In 1949, TIFR relocated to what had been the premises of the Royal Bombay Yacht Club. Constructed in 1881, the Yacht Club was a prominent social space in the colonial city, with a racist Europeans-only policy. Its transformation into a cutting-edge Indian scientific institute just two years after Indian independence shows the determination of the new government to divest from imperial vestiges and to invest in nation-building projects. It probably also attests to prime minister Jawaharlal Nehru’s personal friendship with Homi Bhabha.
In the early 1950s Bhabha began collecting artworks for the TIFR collection. In about a decade, and supported substantially by the advice of Pipsy (Pheroza) Wadia, Bhabha amassed one of the most significant collections of Indian modern art worldwide. The vast majority of works purchased were contemporary pieces by practising artists, including K.H. Ara, V.S. Gaitonde, H.A. Gade, M.F. Husain, Krishna Khanna and Shivax Chavda as well as the women artists Prabha Agge, Pilloo Pochkhanawala and Jyoti Shah.
According to TIFR’s list of works, the third piece purchased for the collection was a decorative panel by Walter Langhammer in 1952. It cost 375 INR, equivalent to 1785 USD at the time and around 17,545 USD today. A landscape by Langhammer was purchased in 1955, and Langhammer’s portrait of Rudi von Leyden, titled The Critic from 1943 also found its way into the collection. Von Leyden was a close personal friend of Bhabha’s and he was involved in other aspects of TIFR’s artistic development, including as an adviser.
The Royal Bombay Yacht Club was intended to provide a temporary home for the Institute until a purpose-built building was constructed elsewhere in the city. Initial designs for the new building were prepared by the Bombay-based architecture firm Master, Sathe and Bhuta as well as by the exiled architect and urban planner Otto Koenigsberger. Koenigsberger, who at the time was the Chief Architect and Town Planner of Mysore State in South India, was also a close friend of Bhabha and spent several weeks in Bombay, working on his designs.

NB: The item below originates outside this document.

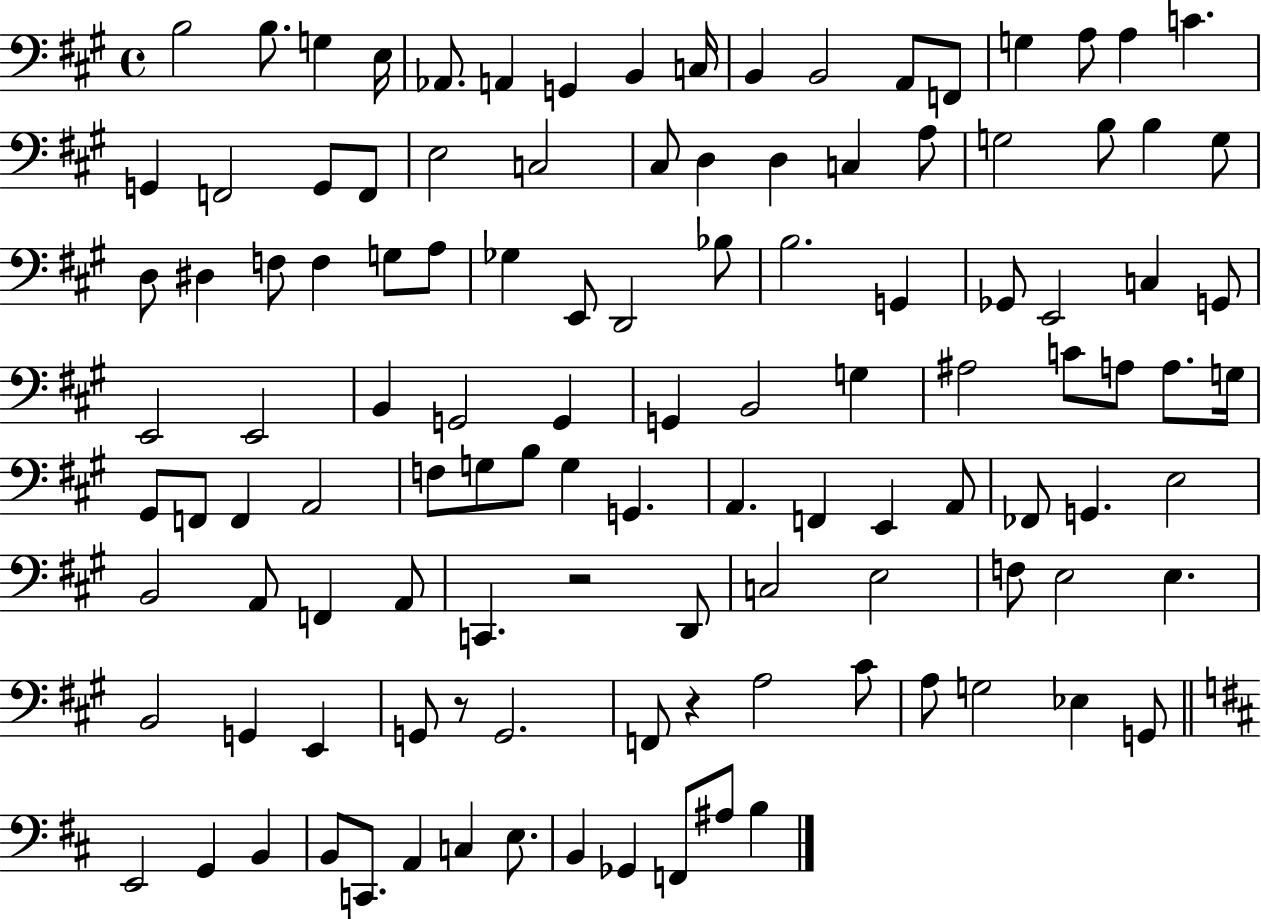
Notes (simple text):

B3/h B3/e. G3/q E3/s Ab2/e. A2/q G2/q B2/q C3/s B2/q B2/h A2/e F2/e G3/q A3/e A3/q C4/q. G2/q F2/h G2/e F2/e E3/h C3/h C#3/e D3/q D3/q C3/q A3/e G3/h B3/e B3/q G3/e D3/e D#3/q F3/e F3/q G3/e A3/e Gb3/q E2/e D2/h Bb3/e B3/h. G2/q Gb2/e E2/h C3/q G2/e E2/h E2/h B2/q G2/h G2/q G2/q B2/h G3/q A#3/h C4/e A3/e A3/e. G3/s G#2/e F2/e F2/q A2/h F3/e G3/e B3/e G3/q G2/q. A2/q. F2/q E2/q A2/e FES2/e G2/q. E3/h B2/h A2/e F2/q A2/e C2/q. R/h D2/e C3/h E3/h F3/e E3/h E3/q. B2/h G2/q E2/q G2/e R/e G2/h. F2/e R/q A3/h C#4/e A3/e G3/h Eb3/q G2/e E2/h G2/q B2/q B2/e C2/e. A2/q C3/q E3/e. B2/q Gb2/q F2/e A#3/e B3/q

It was however the Chicago firm of Holabird and Root that eventually developed the plans, with detailed design work being prepared by Achyut Kanvinde and Master, Sathe and Bhuta. TIFR moved into the new premises in Colaba in 1962.
As the building work progressed, Bhabha decided to hold a competition for the design for a mural in the entrance foyer. Of the twelve artists invited to take part in the competition, nine were already represented in the TIFR collection. Judged by Bhabha, Wadia, von Leyden, the art historian Karl Khandalavala and K. Chandrasekharan of TIFR, M.F. Husain was chosen to complete the mural, creating a piece titled Bharat Bhagya Vidhata that, along with the many other artworks in the collection, continues to enrich the Institute today.

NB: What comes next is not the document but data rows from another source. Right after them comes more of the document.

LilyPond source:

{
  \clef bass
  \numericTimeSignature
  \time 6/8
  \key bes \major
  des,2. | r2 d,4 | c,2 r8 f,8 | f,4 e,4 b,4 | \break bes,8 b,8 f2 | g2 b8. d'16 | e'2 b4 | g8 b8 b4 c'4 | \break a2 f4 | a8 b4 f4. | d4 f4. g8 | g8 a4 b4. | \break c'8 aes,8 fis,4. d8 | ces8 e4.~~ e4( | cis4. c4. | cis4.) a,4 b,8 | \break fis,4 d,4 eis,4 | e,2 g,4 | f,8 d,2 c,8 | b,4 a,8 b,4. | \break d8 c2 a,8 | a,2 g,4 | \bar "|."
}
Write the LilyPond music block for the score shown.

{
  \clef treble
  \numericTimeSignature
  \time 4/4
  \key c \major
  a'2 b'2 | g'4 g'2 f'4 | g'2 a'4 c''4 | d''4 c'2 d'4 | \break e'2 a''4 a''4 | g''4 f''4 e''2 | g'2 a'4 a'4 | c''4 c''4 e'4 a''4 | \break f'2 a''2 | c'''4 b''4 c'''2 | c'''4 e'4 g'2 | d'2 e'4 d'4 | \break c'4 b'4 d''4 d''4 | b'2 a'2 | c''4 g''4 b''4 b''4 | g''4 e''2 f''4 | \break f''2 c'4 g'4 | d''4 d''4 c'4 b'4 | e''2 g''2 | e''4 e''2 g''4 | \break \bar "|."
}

Until the Bombay Art Society established a salon on Rampart Row in 1939, it didn’t have a fixed exhibition space. For over fifty years, the colonial institution, which was founded in 1888, had limited its public activities to an annual exhibition, held at different institutional locations: the Secretariat, the Bombay University Convocation Hall, the J.J. School of Arts, the Cowasji Jehangir Hall, and, more frequently, the Town Hall.
These yearly exhibitions were the main event in Bombay’s art calendar, attracting large numbers of visitors and showcasing mostly academic works by a variety of artists – from ambitious hobbyists to purposeful professionals. Prizes were awarded in a range of categories, including oil painting, needlework, sculpture, photography and, in its early years, “native gentlemen”. By the mid-1930s, the Bombay Art Society’s approach to fulfilling its aim of “encouraging art, especially amongst amateurs, and of educating the native public of its merits” (Muller 1910, 1) was becoming increasingly anachronistic. In Bombay’s artistic community there was a growing desire for a less paternalistic format.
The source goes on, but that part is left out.